生命保険の受取人管理は、保険分野に特有の論点として今回あらためて取り上げられています。FATF勧告10・12及びその解釈ノートを踏まえ、生命保険会社には「受取人のリスクを適切に把握すること」「法人又は信託である受取人が高リスクを示す場合には当該受取人の実質的支配者の身元確認及び照合を厳格に行うこと」「受取人又はその実質的支配者が各種PEPs又はその家族・近親者に該当するか否かを特定すること」「受取人について高リスクが特定された場合には厳格な顧客管理(EDD)を実施すること」が求められています。モニタリングでは、ほとんどの保険会社が受取人の反社・制裁対象者・外国PEPsスクリーニングを実施していた一方で、受取人及びその実質的支配者の国内PEPs・国際機関PEPsスクリーニングはほとんどの保険会社で実施されていなかったことが確認されています。また、受取人の実質的支配者の特定に際しても、証跡を徴求している保険会社と自己申告のみに依拠している保険会社に二分されており、法人顧客管理・信託管理と同様に「証跡徴求の基準・方針の文書化」が課題として示されています。

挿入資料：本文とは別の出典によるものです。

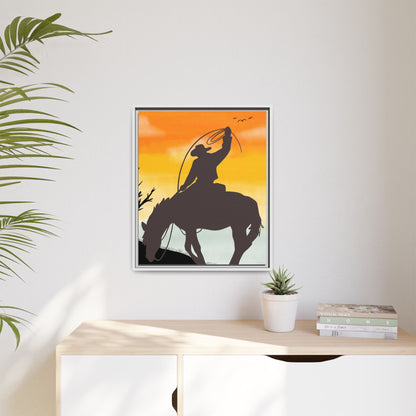 Framed Cowboy Rodeo Art Print Canvas Wall Decor Western Home Decor Rustic Cowboy Gift Equestrian Wall Art Country Themed Art Housewarming Gift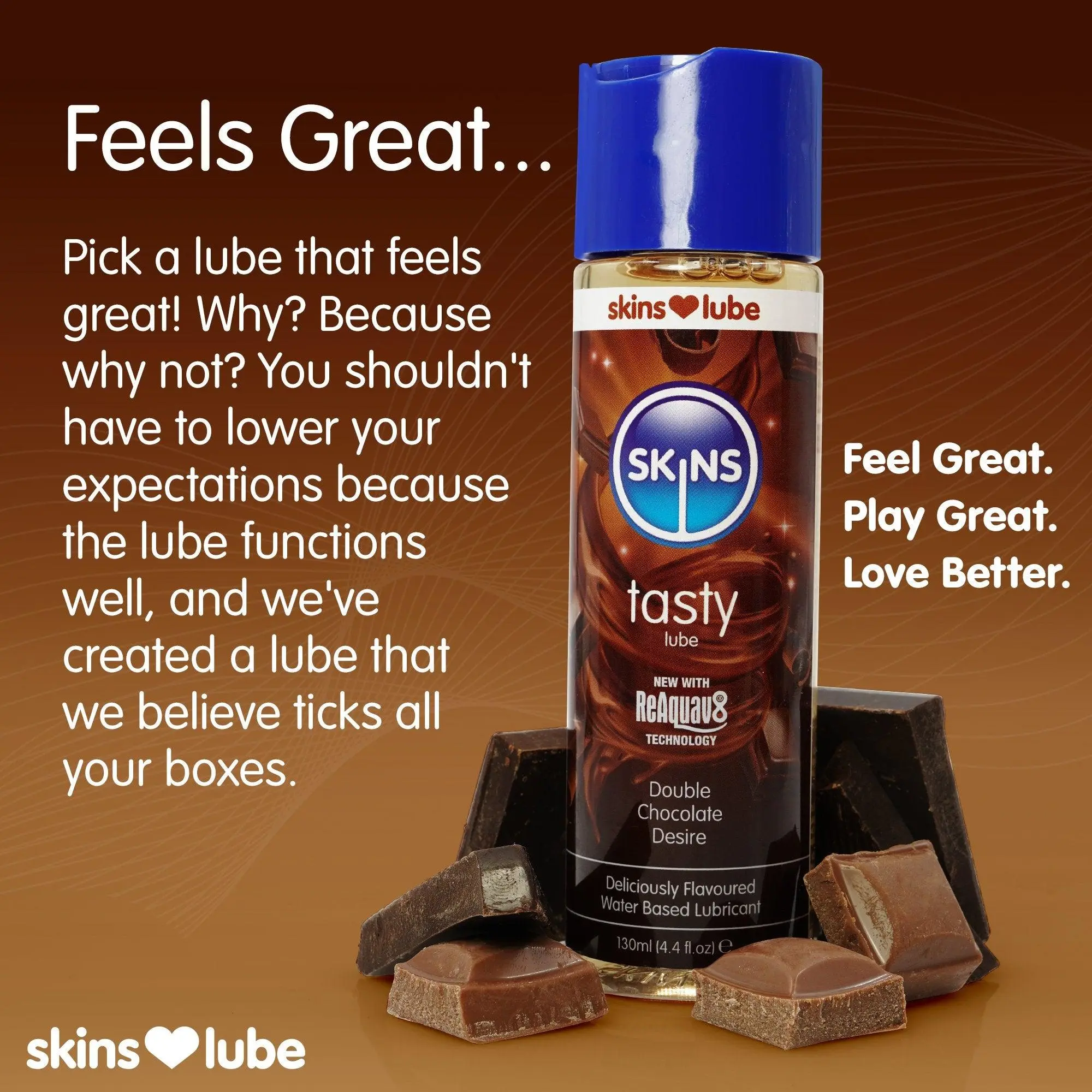 Skins Double Chocolate Water Based Lubricant - Image 3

金融庁の本レポートは、金融犯罪対策をめぐる多岐にわたる論点を扱っています。その中で、法人顧客管理という観点から見ると、法人の実質的支配者を含む顧客確認は、形式的な確認項目ではなく、金融犯罪リスクを把握し、低減するための中核的なプロセスであることが分かります。
今後、FATF第5次対日相互審査を見据え、金融機関には、顧客確認の実効性を説明できる態勢が求められます。その際、実質的支配者確認を自己申告の取得にとどめるのではなく、信頼に足る証跡、法人の事業実態、取引実態、継続的モニタリングと結び付けて運用することが、法人顧客管理の高度化に向けた重要な視点になります。
弊社としても、原典に示された問題意識を認識しつつ、法人顧客管理の実務が、より確かな証跡と継続的なリスク管理に基づくものとなるよう、引き続き情報発信と支援を行っていきたいと考えています。